Reinard L. Meo mengingatkan pentingnya media massa ‘menyesuaikan’ diri dengan gerak zaman. Media massa cetak harus segera melakukan ‘revolusi internal’.
Oleh: Reinard L. Meo
Media-media klasik kita banyak yang akhirnya mati. Tabloid Bola sudah, beberapa koran bertiras besar juga sudah; sungguh menyayat hati. Artikel lama ini saya segarkan kembali sebagai semacam awasan bagi kita.

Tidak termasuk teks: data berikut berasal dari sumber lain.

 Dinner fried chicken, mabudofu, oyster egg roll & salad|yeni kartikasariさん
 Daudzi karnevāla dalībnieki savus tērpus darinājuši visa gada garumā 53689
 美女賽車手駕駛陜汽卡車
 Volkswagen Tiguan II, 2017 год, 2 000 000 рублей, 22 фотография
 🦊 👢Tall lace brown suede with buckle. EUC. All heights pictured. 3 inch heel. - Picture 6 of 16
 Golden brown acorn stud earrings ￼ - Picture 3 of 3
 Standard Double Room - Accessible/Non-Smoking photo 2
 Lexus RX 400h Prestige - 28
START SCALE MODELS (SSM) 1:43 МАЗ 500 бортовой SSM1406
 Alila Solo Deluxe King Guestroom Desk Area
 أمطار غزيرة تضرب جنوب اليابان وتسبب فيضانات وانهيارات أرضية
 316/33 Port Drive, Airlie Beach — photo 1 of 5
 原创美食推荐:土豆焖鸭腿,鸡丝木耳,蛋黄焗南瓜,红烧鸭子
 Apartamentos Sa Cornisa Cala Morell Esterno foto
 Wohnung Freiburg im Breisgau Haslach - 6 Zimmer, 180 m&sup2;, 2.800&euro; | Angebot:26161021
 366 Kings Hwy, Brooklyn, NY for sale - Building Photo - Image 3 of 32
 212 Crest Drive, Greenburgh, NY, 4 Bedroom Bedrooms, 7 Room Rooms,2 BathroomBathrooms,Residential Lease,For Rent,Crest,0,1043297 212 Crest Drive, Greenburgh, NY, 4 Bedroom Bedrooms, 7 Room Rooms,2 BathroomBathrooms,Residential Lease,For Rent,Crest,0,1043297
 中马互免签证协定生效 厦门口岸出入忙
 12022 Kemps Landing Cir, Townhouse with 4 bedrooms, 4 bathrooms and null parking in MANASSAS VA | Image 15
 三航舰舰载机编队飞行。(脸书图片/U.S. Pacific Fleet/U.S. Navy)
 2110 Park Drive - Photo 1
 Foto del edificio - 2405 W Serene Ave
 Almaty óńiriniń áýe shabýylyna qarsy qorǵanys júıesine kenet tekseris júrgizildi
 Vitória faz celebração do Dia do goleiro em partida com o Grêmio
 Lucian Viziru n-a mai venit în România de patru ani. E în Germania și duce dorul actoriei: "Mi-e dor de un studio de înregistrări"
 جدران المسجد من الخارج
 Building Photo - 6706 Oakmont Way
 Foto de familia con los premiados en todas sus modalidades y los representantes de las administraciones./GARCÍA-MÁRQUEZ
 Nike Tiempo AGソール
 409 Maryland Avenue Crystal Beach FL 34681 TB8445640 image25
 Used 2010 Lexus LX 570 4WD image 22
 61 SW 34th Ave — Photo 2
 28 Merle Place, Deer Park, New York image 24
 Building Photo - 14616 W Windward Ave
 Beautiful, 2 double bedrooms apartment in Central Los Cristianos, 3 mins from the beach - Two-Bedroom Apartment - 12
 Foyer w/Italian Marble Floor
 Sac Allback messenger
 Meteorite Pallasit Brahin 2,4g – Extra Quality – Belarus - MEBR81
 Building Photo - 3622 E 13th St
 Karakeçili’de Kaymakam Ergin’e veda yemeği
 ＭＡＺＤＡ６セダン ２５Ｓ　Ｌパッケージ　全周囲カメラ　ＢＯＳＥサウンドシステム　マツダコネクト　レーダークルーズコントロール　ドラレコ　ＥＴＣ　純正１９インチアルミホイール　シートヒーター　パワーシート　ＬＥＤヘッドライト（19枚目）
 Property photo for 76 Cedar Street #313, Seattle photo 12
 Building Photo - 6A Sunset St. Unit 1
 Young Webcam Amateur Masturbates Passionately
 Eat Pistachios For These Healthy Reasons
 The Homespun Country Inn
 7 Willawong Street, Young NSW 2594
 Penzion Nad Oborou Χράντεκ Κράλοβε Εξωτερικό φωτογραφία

Alasan-alasan fundamental, di atasnya saya mendirikan bangunan artikel ini ialah (a)kecintaan saya pada media massa, (b)keyakinan saya bahwa media massa masih merupakan pilar keempat demokrasi, dan (c)sedikit pesimisme, sehingga artikel ini berakhir dengan beberapa anjuran kecil.
Slowness dan Quickness
Kompas, Minggu, 15 Maret 2015, hlm. 27, dalam rangka memaknai ASEAN Literary Festival yang kembali digelar di Jakarta, 15 – 22 Maret 2015, Bre Redana menurunkan sebuah catatan dengan judul, “Media, Sastra, Debat, dan Kritik Sastra”.
Bre melaporkan, di samping pertunjukkan dan workshop, diskusi juga dibuat. Rupanya, hemat saya, era kita kini mesti ditandai dengan semakin banyaknya momen untuk berdiskusi, yang tidak lain merupakan ajang perjumpaan pelbagai ide dan argumentasi, demi penyelesaian aneka problem yang tak terpisahkan dari setiap individu dan masyarakat.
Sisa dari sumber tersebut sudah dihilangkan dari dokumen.